___ Data for this task
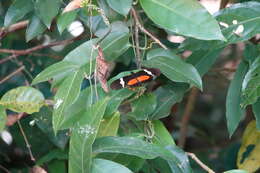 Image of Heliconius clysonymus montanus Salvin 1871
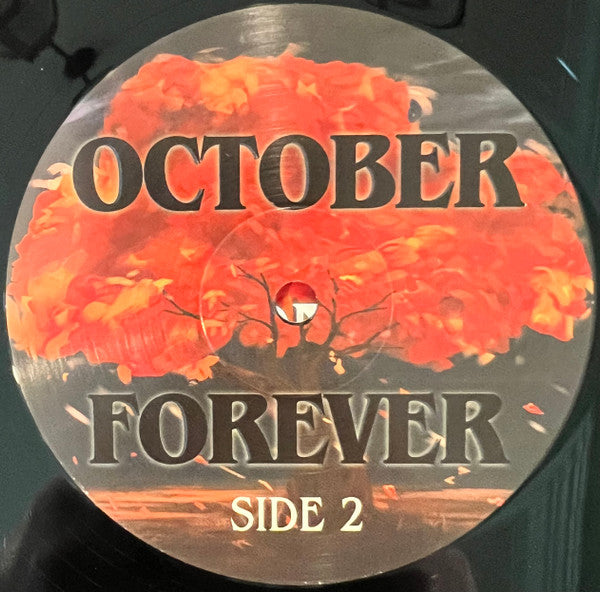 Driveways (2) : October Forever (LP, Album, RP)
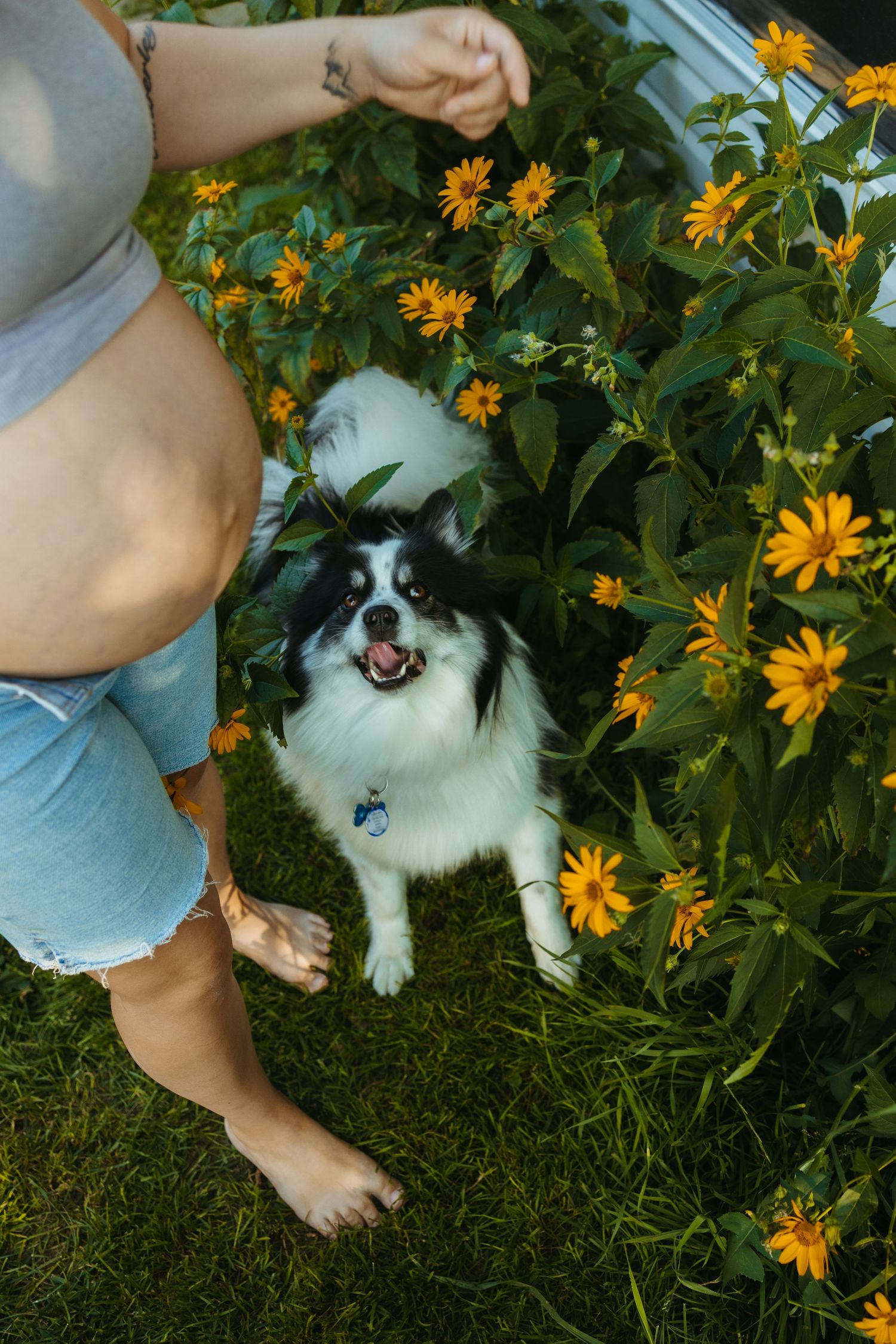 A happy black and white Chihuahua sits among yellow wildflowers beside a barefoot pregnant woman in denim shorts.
______
___ Data for this task
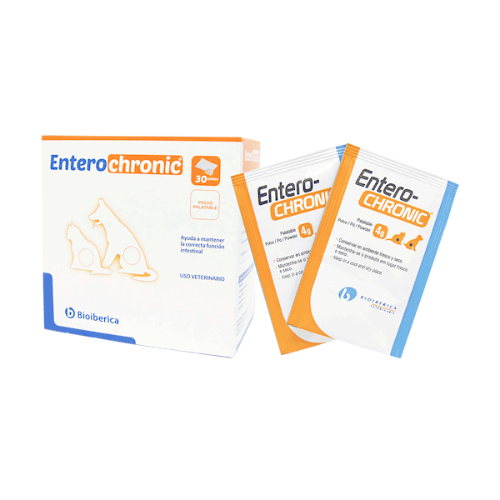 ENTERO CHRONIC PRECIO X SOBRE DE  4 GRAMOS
______
___ Data for this task
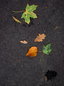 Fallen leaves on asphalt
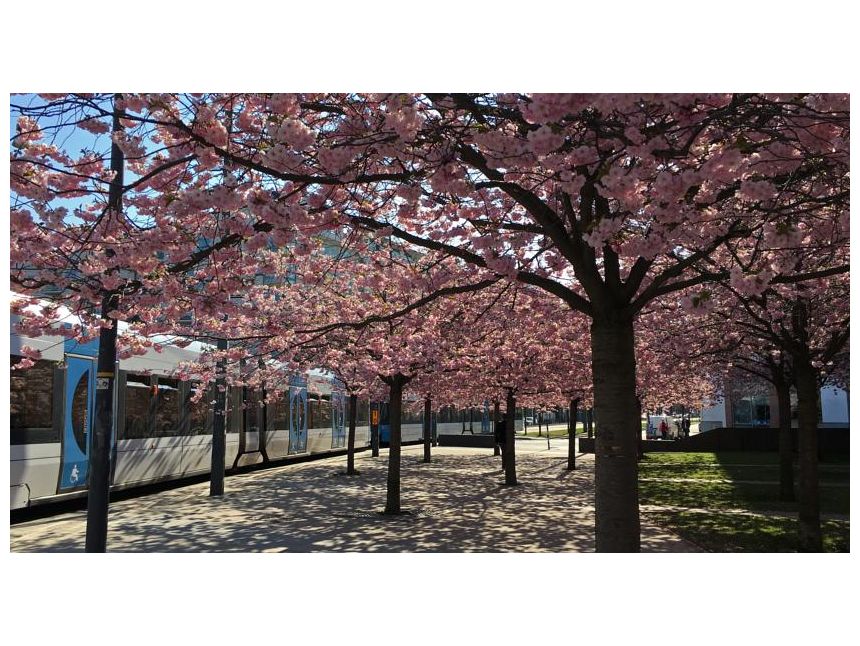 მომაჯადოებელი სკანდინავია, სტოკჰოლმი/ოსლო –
______
§ What the exercise asks: Exactly the lines above from the one that contains "Image of Heliconius" down to the one that contains "A happy black" are to be output, both ends kept and pictures omitted.

§ The completed task:
 Image of Heliconius clysonymus montanus Salvin 1871
 Driveways (2) : October Forever (LP, Album, RP)
 A happy black and white Chihuahua sits among yellow wildflowers beside a barefoot pregnant woman in denim shorts.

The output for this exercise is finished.